**Record set:**
□ □ □

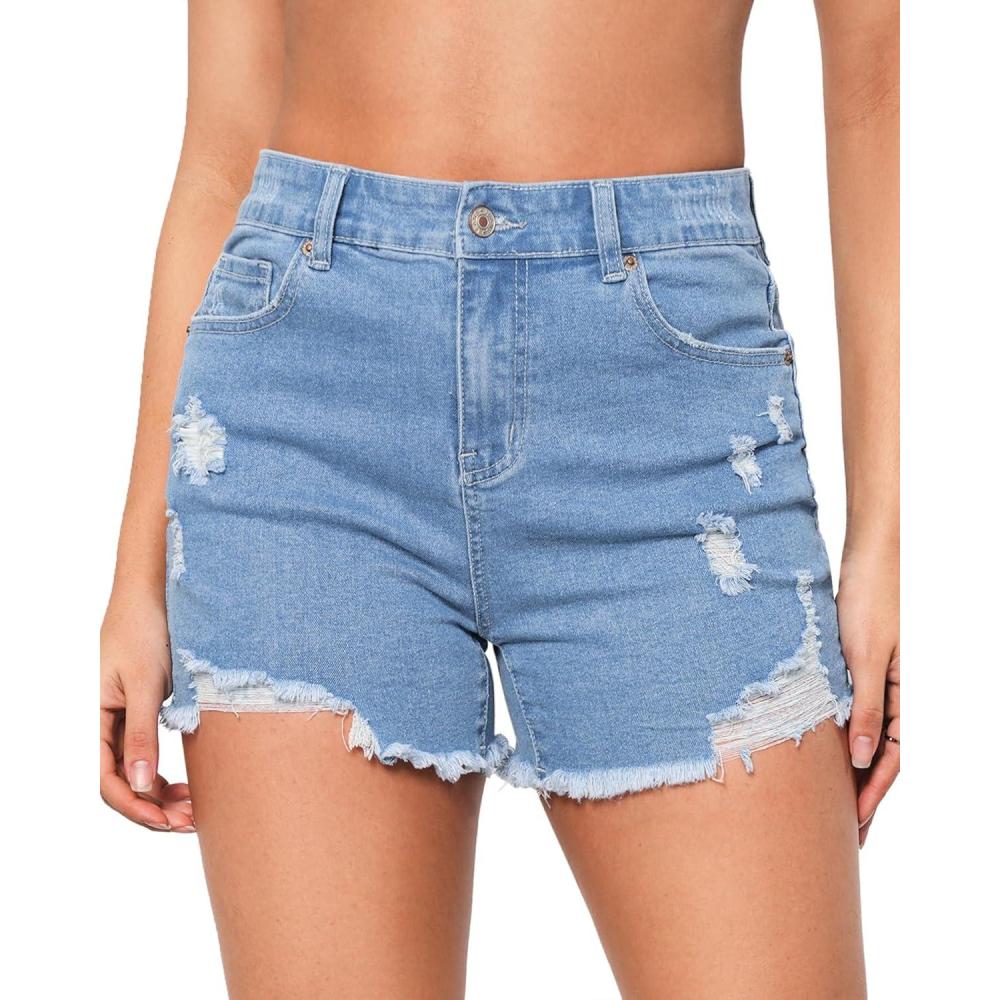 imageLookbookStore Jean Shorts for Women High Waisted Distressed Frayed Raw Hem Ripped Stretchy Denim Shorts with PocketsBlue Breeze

□ □ □

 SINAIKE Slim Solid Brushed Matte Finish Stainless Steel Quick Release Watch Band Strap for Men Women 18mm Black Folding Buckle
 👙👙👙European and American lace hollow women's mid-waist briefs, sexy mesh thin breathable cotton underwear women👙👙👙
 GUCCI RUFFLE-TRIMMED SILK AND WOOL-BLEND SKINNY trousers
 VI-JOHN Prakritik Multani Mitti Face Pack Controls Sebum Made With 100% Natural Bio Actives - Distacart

□ □ □

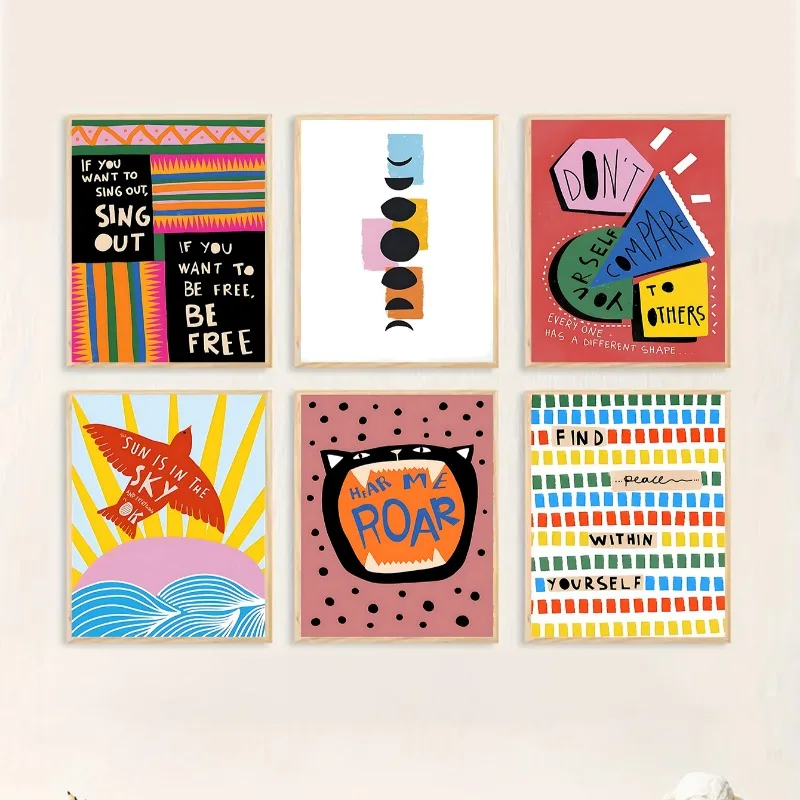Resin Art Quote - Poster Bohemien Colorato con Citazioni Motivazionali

□ □ □

**What the exercise asks:**
Once you find the line with "cotton underwear women👙👙👙" in the entries above, output it and each line after it up to and including the line with "VI-JOHN Prakritik Multani", and nothing else.

**Solution to this task:**
 👙👙👙European and American lace hollow women's mid-waist briefs, sexy mesh thin breathable cotton underwear women👙👙👙
 GUCCI RUFFLE-TRIMMED SILK AND WOOL-BLEND SKINNY trousers
 VI-JOHN Prakritik Multani Mitti Face Pack Controls Sebum Made With 100% Natural Bio Actives - Distacart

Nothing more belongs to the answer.